According to the same reports, Burke has said she is considering entering the race but hasn't yet formed a campaign. She spent the past couple of months meeting with key Democrats and business leaders around the state to assess a possible run.

But Burke's only experience in elected office has been as a Madison School Board member since 2012. She has held several leadership roles during her career, mostly in the private and nonprofit sectors, that party insiders hope could provide insight into what kind of governor she might be.

At Trek, the Waterloo-based company founded by her father in 1976, Burke oversaw the opening of offices in seven European countries and later developed its forecasting and strategic planning department. She also tutored poor minority children at the fledgling Boys & Girls Club of Dane County, which led to her joining the organization's board. In 2002, she became board president. She left Trek in 2004 to commit to raising $6.25 million for the club's Allied Drive expansion.

Her business and philanthropic work caught the attention of then Democratic Gov. Jim Doyle, who in January 2005 appointed her Commerce secretary, a position she held for two-and-a-half years. She has also held other leadership roles on local boards, most notably in 2003 becoming the first female president of Maple Bluff Country Club, where she honed a single-digit golf handicap.

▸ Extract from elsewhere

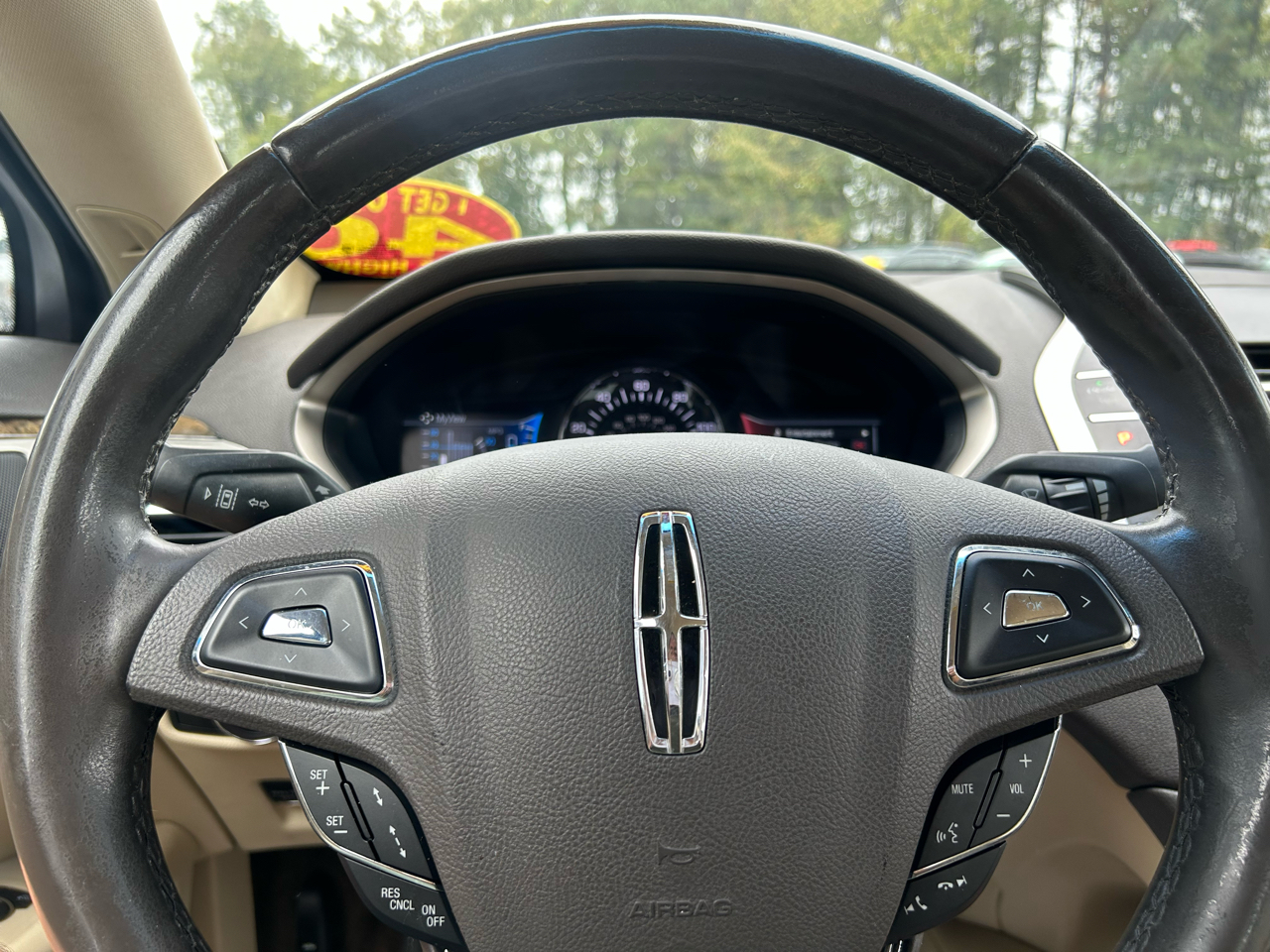 2015 Lincoln MKZ photo 9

But having family money and running with the country club set have not been known to buy you love in traditional Democratic circles. Should she run for governor, Burke would be vying to become the first woman to hold the state's highest office, and the first female gubernatorial nominee for a major party ticket in Wisconsin. Another woman, State Senator Kathleen Vinehout, D-Alma, is also considering a run and more closely fits the traditional Democratic profile.

In addition, Statewide candidates typically come with more political experience than Burke. However, the recent election to the U.S. Senate of businessman Ron Johnson shows that doesn't have to be the end of the story, said Charles Franklin, a Marquette University Law School public policy professor. But Johnson is a Republican, and most Democrats have been quick to point out that business experience does not easily convert to the public sector.

Rep. Cory Mason, D-Racine, one of several Democrats who met with Burke to discuss her candidacy, said her success in different sectors make her an appealing candidate. He said many politicians, including himself, are waiting until Burke announces her plans before considering a possible run.

"What makes her exciting as a non-politician is she seems interested in the job and serving the state", Mason said. But is that enough for most Democrats to get over her patrician background, regardless of how much money she can bring to the election?

Republicans as usual, are preparing to paint Burke as an out-of-touch Madison liberal representing the policies of the Doyle administration.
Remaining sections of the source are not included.